The best way to approach anything, is with a clear strategy. You will never find a successful company that began without one. Why should you treat yourself any different?
Think of yourself as a company. A company cannot begin to think strategy without first having its brand, and neither can you.
A clear strategy when it comes to networking starts with your personal brand.
The good news is that your personal brand is not something you have to create. It is something you already have and that you now have to realize. Think of the company Chik-Fil-A. What is its personal brand? Most would answer that it is a fast-food restaurant that provides healthier options than others in the industry along with superb customer service. These qualities now become guidelines for the chain to have to live up to in order for customers to have continued interest and for the companies ultimate success. This does not differ from a personal brand, apart from the fact that you have it easy and are already you, when the company Chik-Fil-A had to start from scratch.
As far as personal branding goes, Gretchen Fox, cofounder of social strategy, gives great advice explaining that personal branding can not be looked upon as one-dimensional. She says that, “it’s important to define who you are, but from the perspective of a two-way conversation.” This brings personal branding to a two-dimensional level. Not only do you have to think about who you are on paper, in your bio, elevator pitch, linked in description, or whatever it may be, but Kimberlee Morrisons’ article: “The Social Strategy: A Five-Step Process For Social Media Marketing Success,”states that you have to additionally think about, “what to say, what not to say, and the tone to maintain.”
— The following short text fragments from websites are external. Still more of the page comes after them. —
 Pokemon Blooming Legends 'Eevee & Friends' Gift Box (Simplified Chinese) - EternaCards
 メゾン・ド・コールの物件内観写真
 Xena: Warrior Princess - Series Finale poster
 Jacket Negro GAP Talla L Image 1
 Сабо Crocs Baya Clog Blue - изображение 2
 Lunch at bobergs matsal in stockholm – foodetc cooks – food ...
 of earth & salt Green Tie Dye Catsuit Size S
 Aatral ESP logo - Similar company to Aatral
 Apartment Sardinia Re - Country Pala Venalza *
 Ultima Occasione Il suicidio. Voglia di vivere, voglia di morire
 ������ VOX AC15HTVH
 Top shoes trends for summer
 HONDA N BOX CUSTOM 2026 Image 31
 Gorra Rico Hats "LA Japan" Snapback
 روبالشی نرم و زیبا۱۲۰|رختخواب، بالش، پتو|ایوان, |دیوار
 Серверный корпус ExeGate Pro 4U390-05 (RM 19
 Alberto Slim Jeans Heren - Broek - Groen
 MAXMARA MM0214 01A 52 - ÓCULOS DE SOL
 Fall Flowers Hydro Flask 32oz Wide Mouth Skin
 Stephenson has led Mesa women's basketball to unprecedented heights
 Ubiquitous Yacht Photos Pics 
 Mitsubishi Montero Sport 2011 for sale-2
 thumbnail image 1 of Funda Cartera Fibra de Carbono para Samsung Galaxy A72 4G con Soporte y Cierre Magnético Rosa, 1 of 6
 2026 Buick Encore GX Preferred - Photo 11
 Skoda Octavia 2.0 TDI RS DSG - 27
Now that as individuals we reach multiple audiences every single day through all of our social media platforms, how we present ourselves in online networked environments is crucial to our networking strategy.
Social media sites from SMS to LinkedIn, are all made as methods of networking. We create our personal brand and network by means of predetermined spaces. An example would be the layout of Facebook with the option to add a profile picture, cover photo, albums, status, etc. Although the spaces are planned out for us, this does not mean that it is a simple task to fill in the blacks per say. Papacharissi, in her writing, “A Networked Self,” mentions that it is in fact quite difficult to display yourself on SNS (social networking sites), because we often are engaging many audiences on them, from employers to friends and all the in-between. What we have to know when we are engaging in any form of SNS, is whether or not we want to engage all of these audiences or whether we want to target certain ones. Papacharissi mentions in her works that often when we engage in too many audiences we can lose a sense of place. She defines a sense of place as something, “formed in response to the particular sense of self, or in response, to the identity performance constructed upon that place.” A sense of place and self comes from experience. Just like your personal brand was not fully developed the first day you were born, neither will your sense of place on social networking sites. Over the years we have adapted new SNS and combined new and old methods together. It is all about adapting and experimenting. You have all the tools to go for it, so do so.